Sigo defendiendo el movimiento 15-M. No he cambiado de idea a pesar de los acontecimientos de Barcelona que nada tienen que ver con el espíritu que alentó la presencia de ciudadanos en las plazas haciendo sentir su rechazo ante las cosas mal hechas. He estado reflexionando desde que, el día en que se constituyeron las nuevas corporaciones locales, presencié cómo los ciudadanos concentrados dirigían sus consignas a los concejales que iban a tomar posesión. Durante unos momentos los gritos me paralizaron mientras la cabeza intentaba asimilar lo que estaba sucediendo. Con todo su derecho y en ejercicio de su libertad, un grupo de personas expresaba públicamente su indignación. Entre otras cosas, quieren echar a los corruptos de la política y acabar con los privilegios que pagamos los ciudadanos. Lógico y justo. Es lo mismo que quieren ustedes y lo que quiero yo, pero ante el ayuntamiento, y en medio del griterío, algo se revolvía en mi interior. No por los gritos, ni por la concentración, sino porque pensaba que el empecinamiento de algunos, poniendo en sus listas a personas, cuando menos sospechosas de enriquecerse a costa del bien común, había llevado a meter a todos en el mismo saco.

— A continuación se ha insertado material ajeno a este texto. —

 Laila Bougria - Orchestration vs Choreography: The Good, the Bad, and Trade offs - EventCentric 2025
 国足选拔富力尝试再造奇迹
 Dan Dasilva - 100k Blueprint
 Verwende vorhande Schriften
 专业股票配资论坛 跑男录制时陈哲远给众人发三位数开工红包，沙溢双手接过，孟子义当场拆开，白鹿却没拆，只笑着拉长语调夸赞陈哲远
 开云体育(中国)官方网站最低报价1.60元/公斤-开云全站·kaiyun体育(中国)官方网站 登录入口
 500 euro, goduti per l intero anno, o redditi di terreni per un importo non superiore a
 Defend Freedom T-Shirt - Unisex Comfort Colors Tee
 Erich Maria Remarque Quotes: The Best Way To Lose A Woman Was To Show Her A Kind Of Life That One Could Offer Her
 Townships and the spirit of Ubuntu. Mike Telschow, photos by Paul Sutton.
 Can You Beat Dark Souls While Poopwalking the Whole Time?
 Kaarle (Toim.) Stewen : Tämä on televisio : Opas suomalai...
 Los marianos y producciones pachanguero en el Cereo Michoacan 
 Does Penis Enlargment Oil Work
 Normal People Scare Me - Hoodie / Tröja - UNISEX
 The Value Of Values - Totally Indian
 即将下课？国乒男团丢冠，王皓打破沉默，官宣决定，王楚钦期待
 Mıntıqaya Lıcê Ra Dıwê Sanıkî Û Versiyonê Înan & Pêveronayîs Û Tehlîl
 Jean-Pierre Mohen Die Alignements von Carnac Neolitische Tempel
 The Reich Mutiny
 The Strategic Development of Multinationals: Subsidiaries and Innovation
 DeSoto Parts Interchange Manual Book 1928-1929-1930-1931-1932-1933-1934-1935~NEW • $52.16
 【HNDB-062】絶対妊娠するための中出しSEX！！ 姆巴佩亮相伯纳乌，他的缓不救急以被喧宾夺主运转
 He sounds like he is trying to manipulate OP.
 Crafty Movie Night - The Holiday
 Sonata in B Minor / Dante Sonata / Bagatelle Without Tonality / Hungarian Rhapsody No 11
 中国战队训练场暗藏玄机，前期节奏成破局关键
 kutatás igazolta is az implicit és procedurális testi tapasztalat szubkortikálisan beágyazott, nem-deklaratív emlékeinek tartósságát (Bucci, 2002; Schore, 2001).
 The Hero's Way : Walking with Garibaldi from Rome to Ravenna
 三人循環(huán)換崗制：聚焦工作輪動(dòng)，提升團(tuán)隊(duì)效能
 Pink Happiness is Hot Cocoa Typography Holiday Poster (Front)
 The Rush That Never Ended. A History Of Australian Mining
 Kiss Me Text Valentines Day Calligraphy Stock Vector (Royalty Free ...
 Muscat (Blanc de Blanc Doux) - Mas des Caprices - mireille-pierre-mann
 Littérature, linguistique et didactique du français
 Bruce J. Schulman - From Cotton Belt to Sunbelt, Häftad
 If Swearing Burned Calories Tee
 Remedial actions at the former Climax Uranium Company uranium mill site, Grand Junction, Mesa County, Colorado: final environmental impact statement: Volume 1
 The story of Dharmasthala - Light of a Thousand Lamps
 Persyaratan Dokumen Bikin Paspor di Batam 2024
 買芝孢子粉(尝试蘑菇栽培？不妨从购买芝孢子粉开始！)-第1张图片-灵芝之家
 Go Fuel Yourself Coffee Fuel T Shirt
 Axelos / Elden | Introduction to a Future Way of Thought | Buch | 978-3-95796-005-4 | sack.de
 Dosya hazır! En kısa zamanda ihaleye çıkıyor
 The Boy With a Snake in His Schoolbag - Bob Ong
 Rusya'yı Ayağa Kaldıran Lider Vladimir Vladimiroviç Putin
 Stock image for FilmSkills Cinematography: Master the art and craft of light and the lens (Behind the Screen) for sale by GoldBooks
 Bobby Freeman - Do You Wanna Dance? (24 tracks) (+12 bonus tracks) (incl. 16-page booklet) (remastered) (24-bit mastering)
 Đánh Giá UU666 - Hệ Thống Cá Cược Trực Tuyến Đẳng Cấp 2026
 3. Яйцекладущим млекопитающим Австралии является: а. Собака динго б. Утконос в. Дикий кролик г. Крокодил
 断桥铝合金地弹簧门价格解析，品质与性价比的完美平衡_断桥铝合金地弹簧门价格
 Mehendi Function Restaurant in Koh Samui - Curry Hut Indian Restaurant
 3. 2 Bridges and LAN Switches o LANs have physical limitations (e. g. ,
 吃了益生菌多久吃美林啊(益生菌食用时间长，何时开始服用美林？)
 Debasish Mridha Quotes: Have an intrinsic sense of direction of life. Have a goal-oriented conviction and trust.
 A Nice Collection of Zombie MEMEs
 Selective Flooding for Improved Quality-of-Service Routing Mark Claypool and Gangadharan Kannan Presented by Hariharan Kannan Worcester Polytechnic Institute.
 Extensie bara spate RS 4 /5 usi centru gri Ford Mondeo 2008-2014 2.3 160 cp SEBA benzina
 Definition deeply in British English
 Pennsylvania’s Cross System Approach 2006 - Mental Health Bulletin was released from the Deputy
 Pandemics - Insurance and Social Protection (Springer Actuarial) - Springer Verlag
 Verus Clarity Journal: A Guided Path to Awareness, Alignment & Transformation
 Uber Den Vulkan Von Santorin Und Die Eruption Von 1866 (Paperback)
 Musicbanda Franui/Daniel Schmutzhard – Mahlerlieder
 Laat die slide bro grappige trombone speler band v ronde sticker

Se ha sufrido mucho en España hasta conseguir que la ciudadanía pueda elegir a sus representantes. Hay muchos de esos políticos honrados en nuestros pueblos y ciudades, pero son los otros y quienes los mantienen contra viento y marea, los que han provocado este fenomenal enfado de los ciudadanos, participen o no activamente en la protesta.

Sirva todo esto para que los honestos se revelen y hagan oír su voz. Sirva para que planten cara a los dirigentes de sus partidos y, también ellos, digan ¡basta ya!